Using a spin no one in the liberal chattering class would imagine, New York Times columnist Ross Douthat compared Wendy Davis to Delaware’s Senate nominee Christine O’Donnell. Both were ideologically mismatched with the states they were running in, but O’Donnell’s victory was a political shocker:
Whereas the Davis experiment was intentionally designed: She was treated to fawning press coverage, lavished with funding, had the primary field mostly cleared for her, and was touted repeatedly as part of an actual party strategy for competing in a conservative-leaning state. Of course she had a much more impressive resume than O’Donnell, with less witchcraft and real political experience, and in that sense she made a more credible candidate overall. (Though, ahem, O’Donnell actually outperformed Davis at the polls in the end…) But in terms of their signature issues and their public profiles, they were equally absurd fits for the tasks they were assigned; it’s just that in Davis’s case nobody on the left of center wanted to acknowledge it.
In that sense, the Wendy Davis experiment isn’t just an example of how media bias on culture-war issues can hurt Democrats (by leading them into fond delusions) as well as help them....
Davis, on the other hand, actually underperformed the Democratic nominee’s totals in the last two head-to-head races against Rick Perry … which is, again, pretty much exactly what you’d expect when you nominate a figure who owed her prominence to a filibuster on late-term abortion to contest a statewide rate in Texas....[Italics his]

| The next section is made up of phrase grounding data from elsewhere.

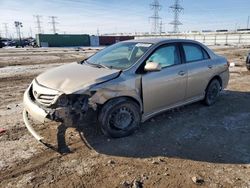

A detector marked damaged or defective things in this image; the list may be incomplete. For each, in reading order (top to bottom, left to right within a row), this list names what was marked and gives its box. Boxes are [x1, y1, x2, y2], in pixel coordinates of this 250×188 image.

crumpled front bumper [22, 85, 51, 141]
damaged hood [35, 62, 120, 93]
damaged toyota corolla [23, 38, 229, 141]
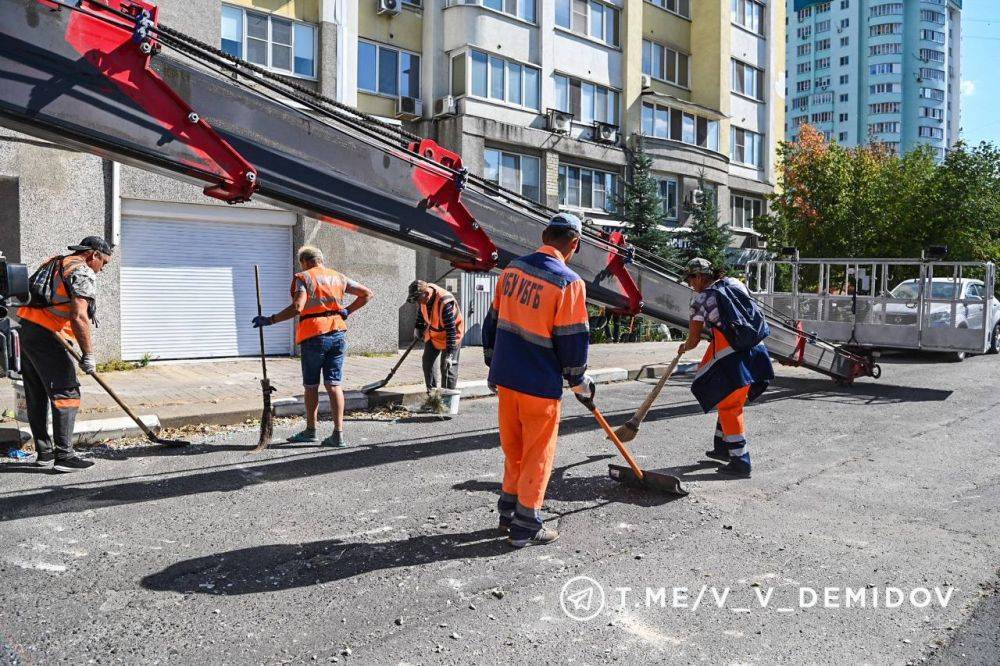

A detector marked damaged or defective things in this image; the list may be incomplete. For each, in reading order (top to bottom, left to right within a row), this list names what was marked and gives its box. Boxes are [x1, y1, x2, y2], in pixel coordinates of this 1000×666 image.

damaged asphalt [1, 350, 1000, 660]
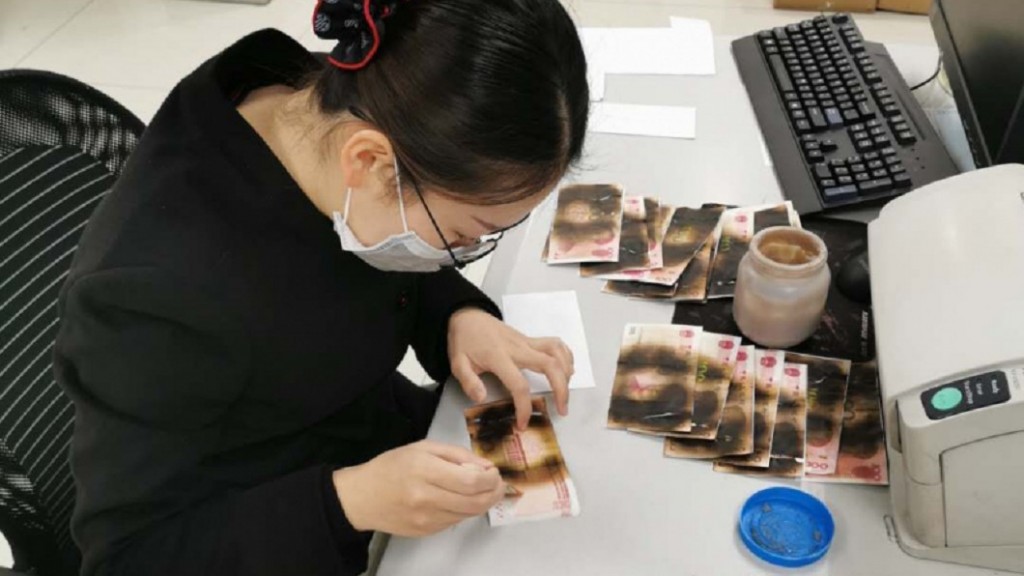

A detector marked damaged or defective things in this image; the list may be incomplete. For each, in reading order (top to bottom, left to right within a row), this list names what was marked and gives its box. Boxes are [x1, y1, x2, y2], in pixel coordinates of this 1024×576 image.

charred 100 yuan note [544, 182, 622, 264]
charred 100 yuan note [581, 194, 651, 278]
stack of damaged money [544, 183, 798, 301]
charred 100 yuan note [708, 200, 802, 297]
charred 100 yuan note [466, 393, 581, 524]
charred 100 yuan note [606, 323, 704, 430]
charred 100 yuan note [663, 344, 761, 457]
stack of damaged money [606, 323, 888, 479]
charred 100 yuan note [716, 350, 786, 467]
charred 100 yuan note [712, 360, 806, 477]
charred 100 yuan note [786, 350, 851, 475]
charred 100 yuan note [806, 360, 888, 481]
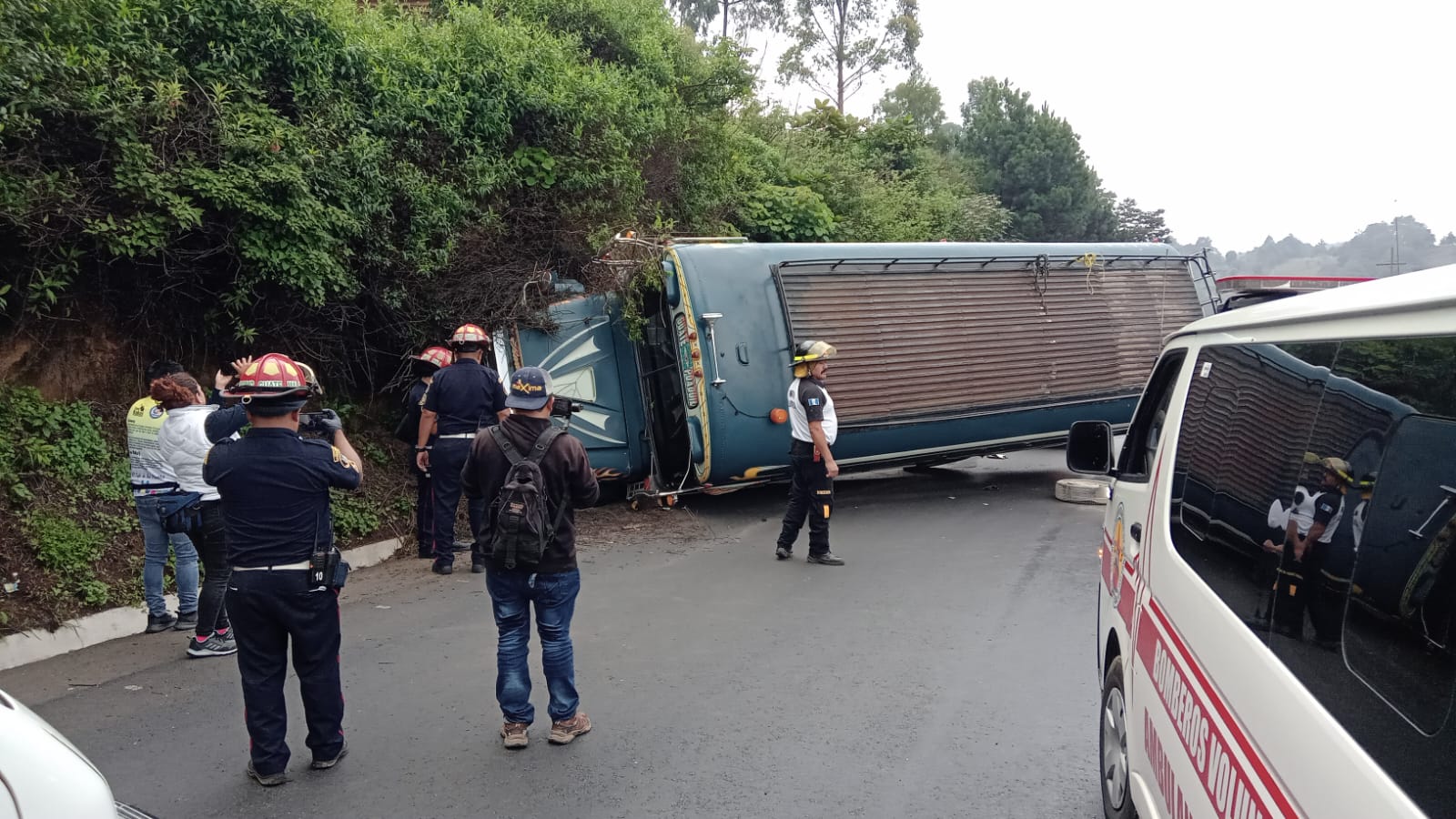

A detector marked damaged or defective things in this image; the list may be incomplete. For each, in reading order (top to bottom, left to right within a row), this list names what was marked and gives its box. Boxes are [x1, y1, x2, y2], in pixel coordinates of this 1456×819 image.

Davis’s strange candidacy suggests that some of the ways in which the polarization we have exists because of leaders as well as followers, elites as well as ordinary voters. No blind historical or demographic process forced the Democrats to elevate Davis rather than a candidate better suited to her state. But she was the one they really wanted, which means that they chose the entirely-foreseeable result.